Voyage avec un âne [critique] : le lait de la tendresse
La compagnie Les Charlatans adapte les pérégrinations cévenoles de Stevenson. Un théâtre de tréteaux sympathique et joyeux qui donne une irrésistible envie de vacances au grand air !
Le 22 septembre 1878, Stevenson part à pied du Monastier-sur-Gazeille et décide de traverser le Velay, le Gévaudan et les Cévennes, espérant oublier une récente peine de cœur et trouver la consolation dans la paix et la beauté d’une nature austère. Point de bêtes féroces sur la route, sinon celles surgies du souvenir de la révolte des Camisards, qui ensanglanta la région au début du XVIIIe siècle. La gente animale, infiniment plus aimable, est représentée par Modestine, l’ânesse fantasque que Stevenson choisit comme compagne de voyage, et sous les traits de laquelle il reconnaît, par éclairs, la cruelle maîtresse qui a meurtri son cœur.

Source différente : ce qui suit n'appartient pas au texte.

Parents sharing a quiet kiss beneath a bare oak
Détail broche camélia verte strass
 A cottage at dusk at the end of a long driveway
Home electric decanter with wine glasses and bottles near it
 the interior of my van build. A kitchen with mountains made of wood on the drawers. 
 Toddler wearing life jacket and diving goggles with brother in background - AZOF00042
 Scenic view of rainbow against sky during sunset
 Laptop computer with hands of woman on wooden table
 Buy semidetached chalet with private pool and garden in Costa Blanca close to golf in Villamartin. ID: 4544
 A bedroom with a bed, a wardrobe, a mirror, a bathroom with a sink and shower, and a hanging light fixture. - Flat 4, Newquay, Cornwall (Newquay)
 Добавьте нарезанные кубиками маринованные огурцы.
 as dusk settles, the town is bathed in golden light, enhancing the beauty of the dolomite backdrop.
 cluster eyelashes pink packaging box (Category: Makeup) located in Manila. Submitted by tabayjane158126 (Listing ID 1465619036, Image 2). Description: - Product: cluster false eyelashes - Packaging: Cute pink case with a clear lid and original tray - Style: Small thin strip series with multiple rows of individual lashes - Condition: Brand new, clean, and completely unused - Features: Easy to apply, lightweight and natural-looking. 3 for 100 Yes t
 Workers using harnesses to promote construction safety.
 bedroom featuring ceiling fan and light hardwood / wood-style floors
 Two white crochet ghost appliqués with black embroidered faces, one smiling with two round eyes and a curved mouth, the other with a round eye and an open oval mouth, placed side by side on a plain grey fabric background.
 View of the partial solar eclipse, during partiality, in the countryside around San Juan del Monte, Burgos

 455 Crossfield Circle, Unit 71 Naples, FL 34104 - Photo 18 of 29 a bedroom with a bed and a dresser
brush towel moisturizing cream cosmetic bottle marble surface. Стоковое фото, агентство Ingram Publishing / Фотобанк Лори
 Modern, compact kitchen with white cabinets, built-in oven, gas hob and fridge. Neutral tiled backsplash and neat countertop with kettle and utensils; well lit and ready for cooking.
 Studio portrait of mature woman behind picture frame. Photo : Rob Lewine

L’esprit du théâtre forain
Christophe Paris, Clémence Penicaut, Clément Pellerin (en alternance avec Jean-Baptiste Debost), Maxime Bentegeat (en alternance avec Victor O’Byrne) interprètent les personnages, truculents et tendres, qui peuplent ce charmant périple. Les observations du naturaliste alternent avec les méditations du philosophe et les rencontres de l’anthropologue. Quelques accessoires et costumes pour camper le décor, une ambiance sonore créée en direct avec un remarquable sens de l’à-propos et une énergie vibrante : les comédiens racontent l’histoire à la manière des bateleurs d’antan, avec panache et belle humeur.
Invitation au voyage
La mise en scène de Fanette Jounieaux est vive et enlevée, simple et efficace. On passe en un clin d’œil d’une taverne à l’abbaye des Trappistes, de la maison maudite du bourreau des Réformés à la douceur d’une nuit étoilée. Le bruit des sabots de Modestine (que Clémence Penicaut interprète avec un épatant zoomorphisme !) scande allègrement cette traversée qui invite aux bienfaits de l’introspection et à ceux de la marche. Avis aux amateurs qui n’auront pas la chance d’arpenter le GR70 cet été, Les Charlatans le balisent comme si on y était ! On peut s’y rendre avec qui on voudra, en n’oubliant pas que « vivre à la belle étoile avec la femme que l'on aime est de toutes les vies la plus totale et la plus libre ».